VIBO VALENTIA «Era il 2014 quando, insieme ad Antonino Patania abbiamo collocato una bottiglia incendiaria vicino ad un escavatore della ditta Restuccia che si era aggiudicata un lavoro a Maierato. Ricordo che venne da noi Gregorio Gioffrè, venne a trovare Mimmo Bonavota, e si accordarono loro due sull’estorsione che la ditta avrebbe dovuto pagarci». «Gioffrè si occupò di fare da intermediario con Domenico Bonavota anche con riferimento all’estorsione alla S.P.I.». Così Onofrio Barbieri, vibonese classe 1980 davanti ai pm della Distrettuale antimafia di Catanzaro. Decine di pagine di verbali acquisite nel processo d’appello “Rinascita-Scott”.
A proposito delle estorsioni, Barbieri ha spiegato: «Sia per Restuccia che per Levato sono stato convocato da Mimmo Bonavota il quale mi ha chiesto di andare a toccare questi due, in modo che ci dessero qualcosa». Poi i dettagli sull’attività di spaccio. «Era sempre Mimmo a darmi la droga che spacciavo, io vendevo circa 50/60 grammi di cocaina a settimana a persone varie che venivano a rifornirsi da me a Vena di lonadi, droga che a mia volta ricevevo direttamente dalle mani di Domenico Bonavota, ma so che a quest’ultimo lo stupefacente veniva fornito da Rocco Morabito di Africo».
«Lo so perché – ha raccontato ancora il pentito – alcune volte mi è capitato di recarmi personalmente da lui a prendere la cocaina con Antonino Patania per conto di Domenico Bonavota. Ricordo anche che una volta Rocco Morabito ci ha venduto due fucili da caccia che andammo a prelevare sempre io e Antonino Patania, con Francesco Fortuna che ci faceva da staffetta».

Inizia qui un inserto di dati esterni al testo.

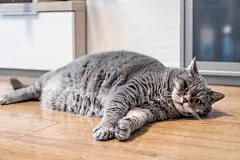 点击来源直接获取大图文件 |fat British cat lies on the living room floor and takes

Nel suo racconto reso ai pm della Dda, il pentito spiega di aver avuto contatto con Rocco Morabito e «con il padre di questo, Leo, che è stato pure latitante. I rapporti con questi li curava direttamente Mimmo Bonavota, ma li conoscevo bene anch’io in quanto mi recavo spesso ad Africo da loro. L’ultimo viaggio che ho fatto, se non sbaglio, risale all’anno 2015». Onofrio Barbieri ha poi illustrato la portata del business legato alla droga. «Il provento di questa attività di spaccio lo tenevo interamente per me, senza dover dare nulla a Domenico Bonavota che, oltre a questo quantitativo di cocaina, mi consegnava ogni mese una somma di 1.000/1.500 euro derivanti dalle attività illecite del nostro gruppo. La stessa cifra veniva data a Francesco Fortuna che riceve ancora adesso da lui un mantenimento», spiega ancora il pentito.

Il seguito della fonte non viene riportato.